[PD] question about netclient and netserver

Ivica Ico Bukvic ico at vt.edu
Thu Mar 25 03:02:35 CET 2010


Thanks all for your replies. Please see my comments below.

> If you are "broadcasting" in TCP you are actually sending separate
> messages to each recipient, with the OS providing overhead for each
> one until it has been acknowledged by the recipient. Obviously it's easy
> to do a DOS attack this way even on your own machine simply by
> sending faster than the receiver can process the packets.

The problem is there is no way the messages we've been sending cross the threshold of 4096 bytes. I am basically sending between 16 and 27 lines from the coll object using the dump option. The catch is they all arrive at the same time to the netserver which is causing DIO errors.
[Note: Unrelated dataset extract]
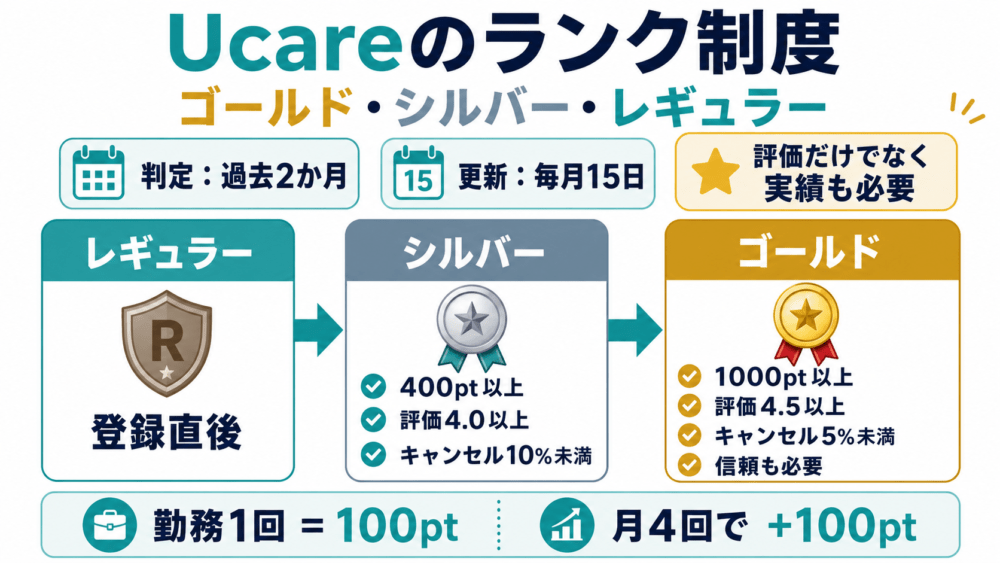 Ucareのランク制度|ゴールド・シルバー・レギュラーの違いを説明する画像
Each line is no more than perhaps dozen or so characters long (in most cases less and in very few perhaps a couple characters over), so like I said I cannot imagine this crossing the 4096 byte threshold (this one is BTW defined in netclient or netserver in maxlib, not sure if that is a part of TCP standard or a local definition).

According to Iohannes's suggestion, having coll iterated through using a metro with a 10ms cycle (so that each message comes out in succession with 10ms delays) instead of using dump that sends all of them at once, abates (or at least minimizes) the problem.

The issue is that all the clients also send stuff back at the netserver so it is not only a matter of broadcasting but also receiving and I think this may have been a problem.

> Broadcasting in UDP sends a single packet to a single address that the
> router sends to every machine on the subnet. The OS discards the buffer
> as soon as it is sent, so you can't overload the stack, although you can
> always peg the CPU trying.

I understand this. The reason we went with TCP is beause in L2Ork (Linux Laptop Orchestra) we currently have up to 15 performers all networked. We send each performer's current status via UDP broadcast (x.x.x.255) address as this is something clients send every 10th of a second so losing a packet or two is not an issue. However, broadcasting a critical cue or coll information that must not be lost as it is critical to the performance, we simply could not afford to do over UDP. More precisely, we tried in the past and I found myself having to send a cue 3-4 times in a row to ensure everyone got it. This is why we need both approaches.

So, what I learned so far was that:

1) netclient/netserver is quite susceptible to network traffic, much more so than other TCP/IP implementations--in our myu library, one can send ~25fps of 1024x768 RGBA float point matrices via TCP/IP with no hold-up, albeit with considerable CPU overhead, so 4096 bottleneck seems quite arbitrary IMHO.

2) I discovered a bug in maxlib/netclient where its connect outlet (1) does not report disconnections as expected, rendering that outlet useless. I will forward a patch shortly.

3) So far best results can be achieved combining UDP for non-time-critical events and using tcp netclient/server (which we chose out of convenience over netsend/netreceive as we have so many clients to connect to) for time-critical cues (e.g. conductor events) *in conjunction* with using manual itration in 10ms increments of messages from coll to avoid swamping netclient with one large incoming stream (this one still sounds awfully dubious when you consider aforesaid myu library).